Transforming growth factor-beta1 (TGF-beta1) stimulates the deposition of extracellular matrix (ECM), which is a hallmark in end-stage renal disease. The importance of TGF-beta1-induced changes in protease activity in this process is not fully elucidated. TGF-beta1 up-regulates plasminogen activator inhibitor type 1 (PAI-1), which lowers matrix degradation.

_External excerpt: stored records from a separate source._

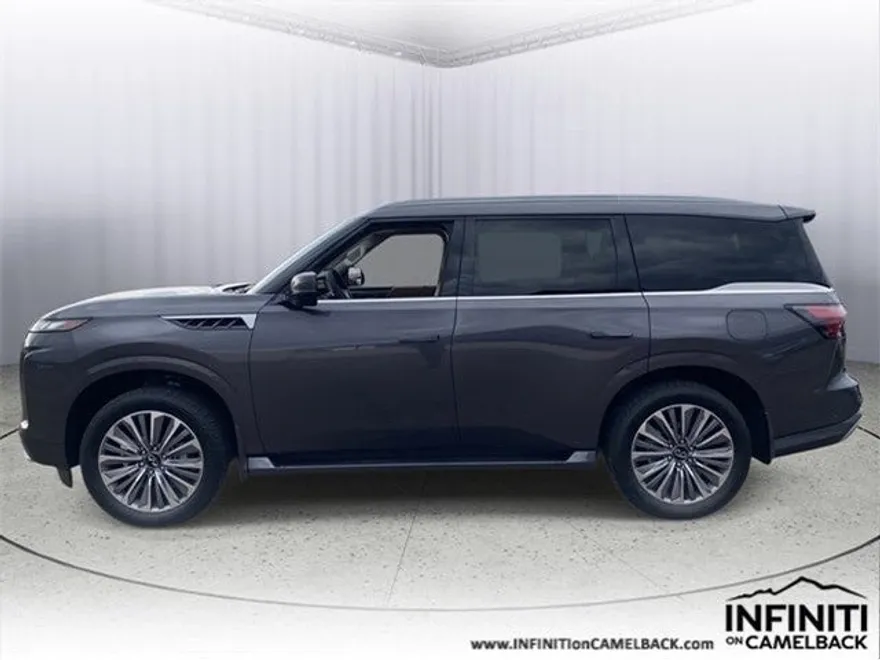 2026 Infiniti QX80 Luxe photo 1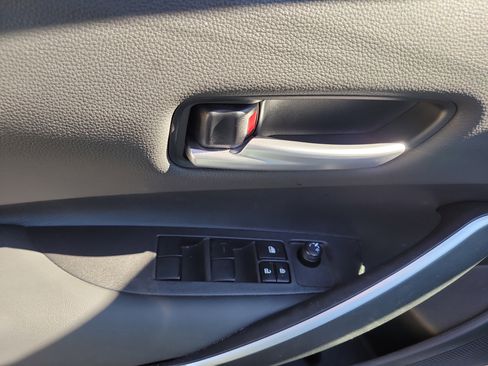 Certified 2025 Toyota Corolla SE image 17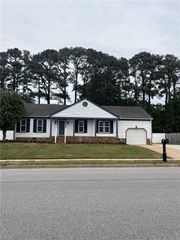 408 Gloria DR, Chesapeake, VA 23322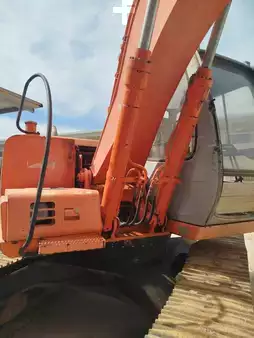Pelles sur chenilles 2001 Fiat-Hitachi EX135 (2)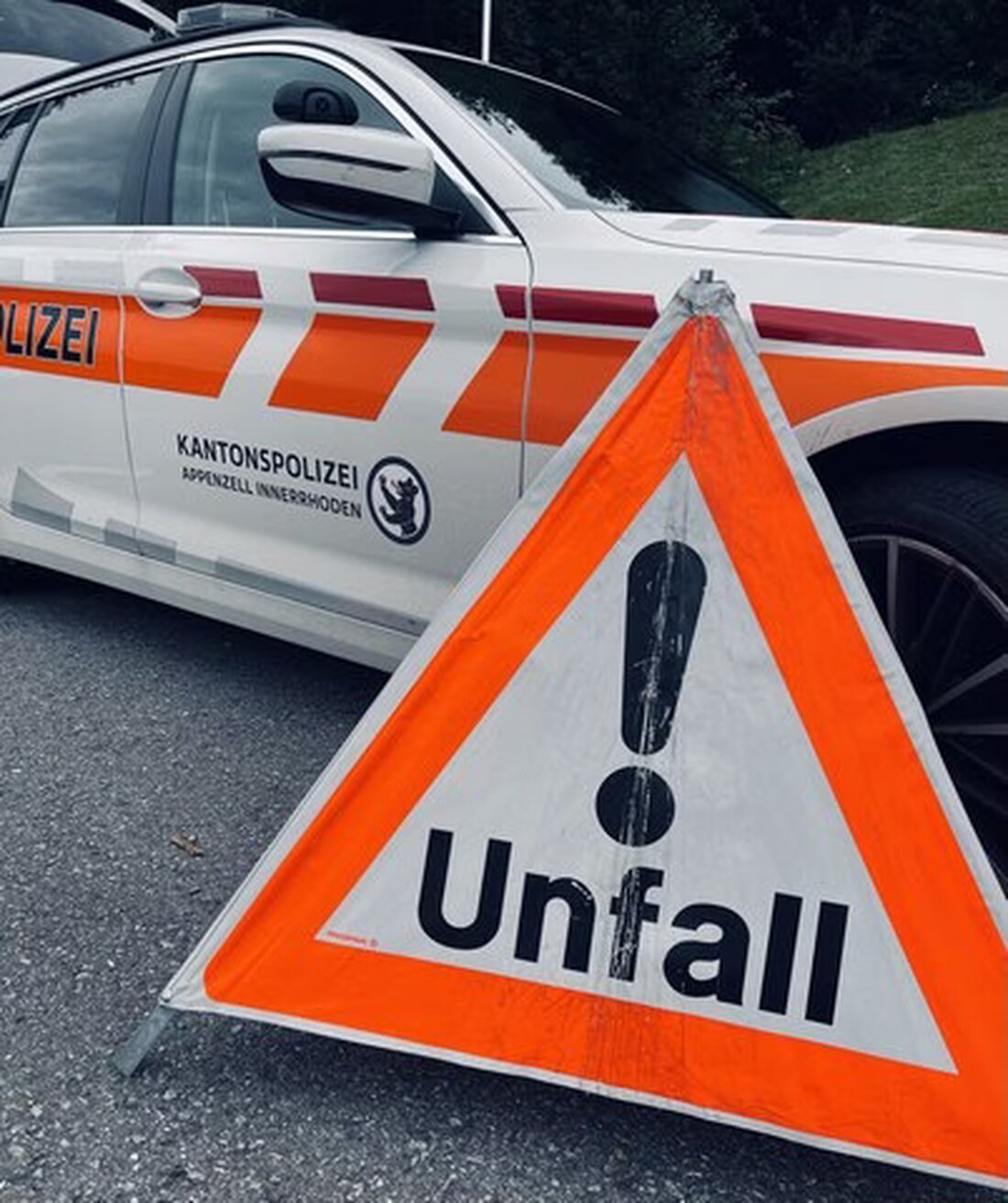 Ein 11-jähriger Velofahrer wurde in Oberegg auf dem Trottoir von einem Auto angefahren. Die Kantonspolizei bittet um Zeugenhinweise.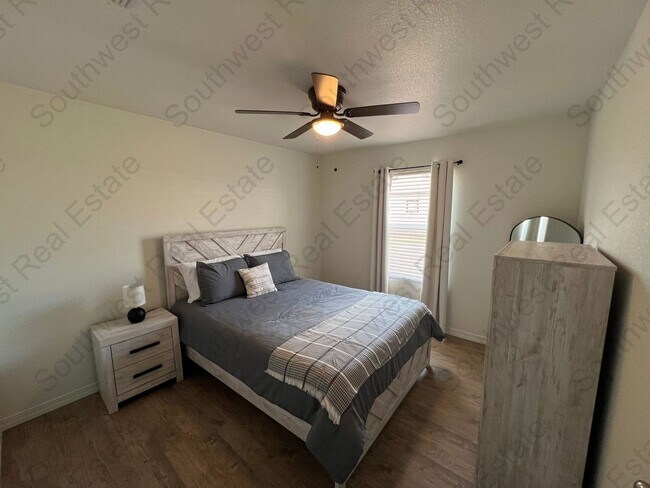 Building Photo - 2131 Bobwhite Ct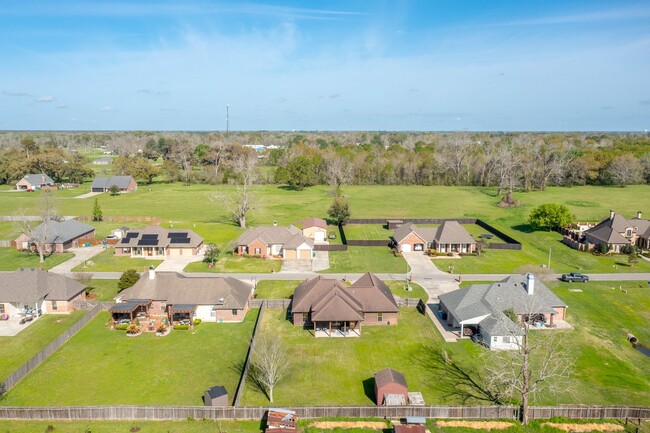 Building Photo - Welcome to Live Oak Circle!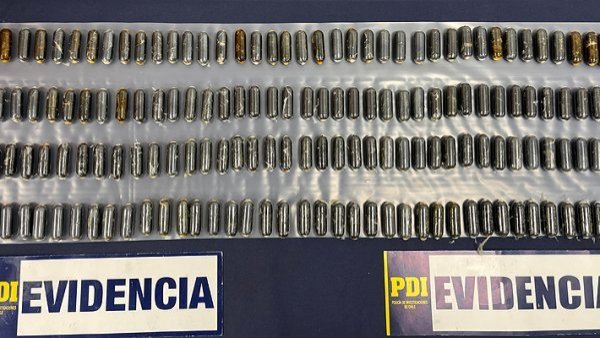Pareja boliviana detenida en aeropuerto de Santiago con 166 ovoides de cocaína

Our aim was to investigate the importance of PAI-1 in TGF-beta1-induced kidney disease.

METHODS:

TGF-beta1 transgenic mice were bred with PAI-1 gene deficient mice. The effect of PAI-1 gene knockout on TGF-beta1-induced glomerular disease was investigated by measuring morphologic changes in the glomeruli. Interstitial changes were assessed by measurement of total collagen content and expression and localization of ECM components. Finally, protease activity was evaluated by plasmin activity measurement and by gel and in situ gelatin zymography.

RESULTS:

TGF-beta1 elevated PAI-1 expression fourfold. PAI-1 gene deficiency attenuated the TGF-beta1-induced mesangial expansion and basement membrane thickening. Furthermore, PAI-1 knockout diminished collagen accumulation in TGF-beta1-positive mice. The expression of both collagen type I and III were reduced. Interestingly, no difference in protease activity could be ascertained as cause of the decreased ECM accumulation.

CONCLUSION:

We show that PAI-1 gene deficiency attenuates TGF-beta1-induced kidney disease, decreasing both glomerular and interstitial ECM deposition. Thus, PAI-1 mediates some of the biological effects of TGF-beta1 in vivo. However, we could not find evidence supporting the notion that the effect was mediated through increased protease activity.